The manure play is promising as certain US states pay incentives on top of the federal government incentive to green energy producers.
The strong development pipeline does prompt questions about the timing of the Nasdaq listing, which will presumably include a material fundraising exercise to cater for demand from US and international investors.
Reading between the lines, it seems Montauk — which, despite its strong operational cash flows, skipped its dividend payment — is in a hurry to lock in opportunities that will ensure critical mass and long-term viability.
In this regard, there might be a worry that there is an increasing possibility that landfill site owners might opt to build their own RNG plants rather than contract-in established players like Montauk.

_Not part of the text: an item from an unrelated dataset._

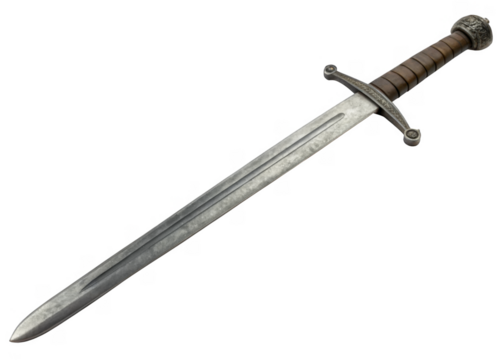  Sword isolated on a transparent background.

Cash flows from operating activities came in at a solid $38m in the past financial year, with the cash balance sitting at a healthy $48m. The sense is that if conditions are not conducive to a Nasdaq listing, Montauk could comfortably gear up its balance sheet by between $40m and $60m if there are attractive opportunities.
Uncertainty about the timing of the US listing — especially in the context of a volatile American political climate and the risk of a higher oil price (which does not suit RNG players) – is likely to suppress sentiment for Montauk in the short term.
But more patient investors might concur that taking a larger (and more diversified) green energy play to the Nasdaq might well be the prudent option over the medium term.